The 2025 OneWe Reach conference surprised me in the best way. I’ve been in enough rooms to know when the energy is surface-level and when it’s real, and the energy here was real from the moment I walked through the door. I expected a professional development event. What I got was a room full of thoughtful, curious, honest young professionals who weren’t trying to prove anything. They were trying to understand.

All day, I heard questions that told me exactly where their hearts and minds were:

How do I lead without pretending I know everything?
How do I build a career that actually means something?
How do I stay grounded in systems that move too fast?
How do I show up as myself in rooms that weren’t designed for me?
How do I do work that matters without burning myself out?

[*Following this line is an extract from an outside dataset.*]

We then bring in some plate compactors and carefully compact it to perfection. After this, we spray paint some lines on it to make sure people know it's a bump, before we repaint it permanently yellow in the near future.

Those aren’t “career tips” questions. Those are leadership questions.

At one point, a young woman was asked what leadership meant to her. She paused — not the awkward kind of pause, but the thoughtful kind — and then she said, “I’m still figuring it out, but I know I want people to feel seen when I’m in the room.” That hit me. Because that’s the part of leadership people don’t talk about enough: the human part. The part that isn’t about titles or stages or promotions, but about presence.

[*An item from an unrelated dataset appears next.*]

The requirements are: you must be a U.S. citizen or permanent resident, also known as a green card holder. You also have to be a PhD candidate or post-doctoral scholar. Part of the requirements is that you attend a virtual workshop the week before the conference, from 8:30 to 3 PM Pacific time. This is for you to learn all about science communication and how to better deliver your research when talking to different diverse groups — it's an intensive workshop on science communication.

What struck me most is that no one there was asking, “How do I get ahead?” They were asking, “How do I make an impact?” They’re not chasing status — they’re chasing meaning. They’re intentional. They’re self-aware. They’re willing to question the playbook instead of blindly following it.

As someone who mentors emerging leaders, this was exactly the kind of space that reminds me why I do that work. These young leaders aren’t interested in the old performance-driven version of leadership. They want to lead in a way that is thoughtful, grounded, and aligned with their values.

I walked out feeling genuinely hopeful. And I don’t say that lightly.